Exploring the Process of Occupational Therapy
In our previous articles we had the privilege of meeting occupational therapists who shared their stories with us. Today, Robyn Meissner explains the process of patients requiring OT sessions and what these sessions entail.
Referrals come mainly from doctors and nurses in the clinics we currently work in (or their referring hospitals).Children are referred to us when a they are behind on or have missed developmental milestones in any developmental area, if their caregivers and teachers are worried about problems regarding writing and learning or if they have congenital or neurological disorders already diagnosed. We can see anything from sitting and walking delays, to behaviour problems, to writing backwards/upside down, to not holding their pencil correctly.

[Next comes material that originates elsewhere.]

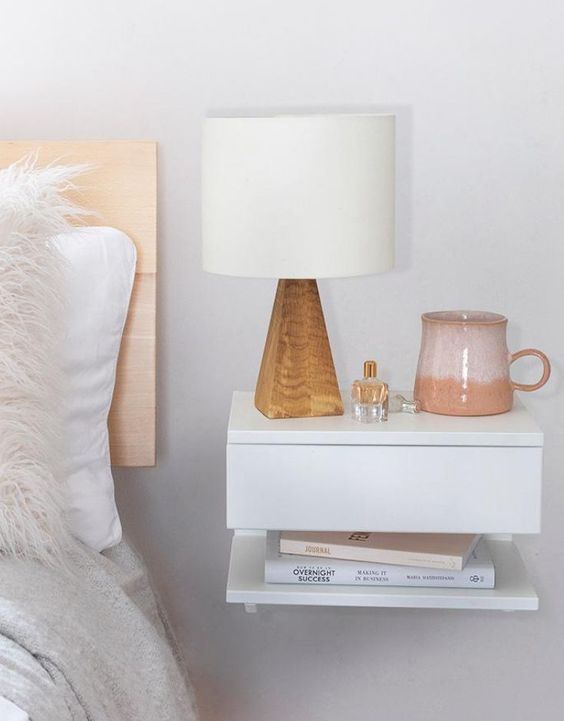 a floating nightstand with a drawer and an open shelf is a lovely idea to save some floor space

We always start with an assessment so we can try identify where the difficulties and problems are and so that we have a baseline of their abilities to use - we can use this at a later stage to compare and recognise improvements.

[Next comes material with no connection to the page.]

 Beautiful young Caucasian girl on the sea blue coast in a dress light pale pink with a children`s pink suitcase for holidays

Therapy involves using play to practice/exercise/teach and improve their difficulties or delays. We try to involve the caregivers as much as possible within the therapy sessions and provide them with ideas and support on how to help their children at home as they are not always able to come to the clinic frequently in between their doctors’ appointments. These therapy sessions all take place at the clinic where the child is seeing their doctor, on the same day as their doctor and medication appointments. Children and caregivers will continue to see us for appointments until their difficulties are resolved and they are confident in their abilities.
Seeking early intervention (as soon as they start experiencing difficulties) is always best for the child! If there is a delay referring to therapy the difficulties are often more difficult to help resolve and could cause other problems.

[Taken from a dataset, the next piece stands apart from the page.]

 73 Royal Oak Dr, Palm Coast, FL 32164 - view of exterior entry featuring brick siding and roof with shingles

One case that comes to mind:
I was referred a little girl at one of the clinics, who was 2yrs8mo old. She was born 1 month premature, weighing 1.62kg and tested positive for HIV after birth. Unfortunately, her family did not attend follow-up appointments and defaulted her medication, they were in struggling with a very poor socioeconomic situation at home. She now had pulmonary TB and malnutrition. My initial assessment placed her at a 1-year old level – she was not walking or talking yet, a delay of about 18months across all developmental areas. She was also extremely traumatised and would cry through her entire clinic visit, she would not let me come near her, even to give her a toy.
I was able to show her parents how to stimulate her development without having to buy toys. We worked slowly for her to gain my trust and eventually she stopped crying and started to play more in therapy sessions, all the while her parents were playing with her at home based on the guidance given. She started walking 4 months after I first saw them. She also started speech therapy which has helped her communication to catch up. She is now 5yrs old, I still see her for monthly sessions - she has continued to improve. Unfortunately, we think she will always be behind her age group in some developmental areas and she is being seen by specialists to help provide appropriate support. Her parents understand her health condition better and are committed to care for her.
This story highlights a couple things:
- the significant importance of home stimulation in a child’s development and the difference it makes when the caregivers are encouraged and recognise their responsibilities,
- this is also a great example of the multi-disciplinary team at work to provide holistic care to save and improve a child’s (and their family’s) life – without the counselling from HOPE’s community workers, doctor’s care, nutritional advice and support from the dietician and occupational and speech therapist intervention, she would not be where she is today.